His suit was designed to both be recognizable as a suit and to combine "an impeccable futuristic style" and "the casual swagger of a charming billionaire". While the suit was designed with futuristic style in mind, it also had to not fit into any particular decade. It was decided that the Illusive Man's suit should be open, to give the impression he could do whatever he pleased.

The Illusive Man's main setting is his spacious and barren office. His personal quarters are never shown. The holographic computer terminals surrounding his office desk serve two functions: to show his connection to "a vast web of information" while decreasing his humanity for only communicating through holograms. He does not see actual people, but rather only facsimiles of them. His office view of a dying star reinforces his desire for full control of his environment. Only a small amount of concept art was made for the Illusive Man's room.

Personality and traits
The Illusive Man is described as believing "the end justifies the means", and was made to be morally gray. John Jackson Miller, who penned the script for Mass Effect: Evolution, Invasion, and Redemption, personally viewed him as a searcher that saw a "darker side to some of the great things humanity's discovered", the object of his search. During the course of the games, the writers did not want to reveal too much about him. His character development's "basic idea" was "one of these guys we don't know much about". BioWare considered his backstory and motivations, but could not elaborate in the games due to this narrative technique.

A "shadowy puppetmaster", he is also a smoker, a womaniser and a drinker, but is very charming. This helps him serve as a foil to the Commander. Adrien Cho, producer for Mass Effect 2, described him as being both the best and worst traits of humanity rolled into one person.

Appearances

In video games

Mass Effect 2
Mass Effect 2, a 2010 action role-playing video game, marked the Illusive Man's first in-game appearance. The player character and protagonist, Commander Shepard, is recalled to life by the Illusive Man's Cerberus after being killed by an unknown ship at the beginning of the game. The Illusive Man debriefs and tells Shepard about how the someone has been abducting human colonies and may be working with the Reapers, a sentient machine race dedicated to wiping out all organic life. To help Shepard launch an assault on the Reaper base, he provides the Commander with a ship, crew, and dossiers on potential squadmates. 

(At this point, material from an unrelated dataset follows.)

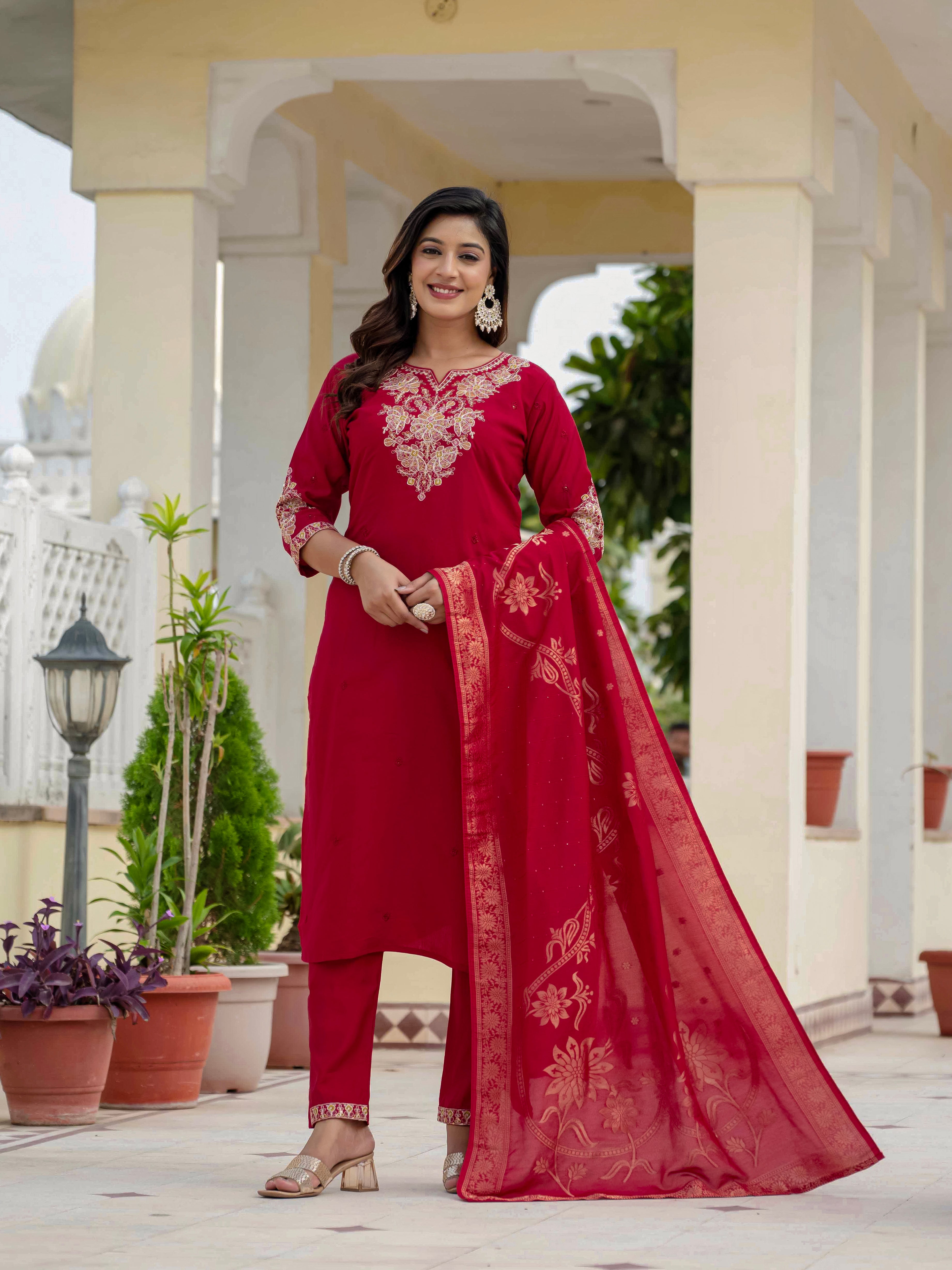 Embroidery With Sequins Work kurti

Over the course of the game, he sends Shepard to investigate Freedom's Progress, a recently abducted colony where Shepard discovers that the Collectors are behind the attack; Horizon, a colony in the process of being abducted; and a Collector ship, which turns out to be a trap—one that the Illusive Man knew about. At the end of the game, the Illusive Man sends Shepard to the Collector base, where the player decides whether to disable and turn over the base, or to destroy the base and cut all ties with Cerberus.

Mass Effect 3
The character returns in the sequel to Mass Effect, Mass Effect 3. He is first seen as a hologram on Mars when Shepard is retrieving data to stop the concurrent Reaper invasion of Earth. The Illusive Man tells Shepard his plan to control the Reapers and attempts to foil Shepard when Shepard resists. Over the course of the game, the Illusive Man commands Cerberus to attack the planet Sur'Kesh, homeworld of the salarians, to instigate a war between two allied races and to take control of the allied interspecies forces' base, the Citadel. He makes another appearance on the asari home planet, Thessia, where he again tries to convince Shepard that controlling the Reapers is the best solution. Shepard refuses and suggests that the Illusive Man is indoctrinated. In response, the Illusive Man commands the assassin Kai Leng to steal vital information necessary to combat the Reapers. Shepard tracks the VI to Cerberus's headquarters and discovers videos of the Illusive Man having himself implanted with Reaper technology and warning Kai Leng of Shepard.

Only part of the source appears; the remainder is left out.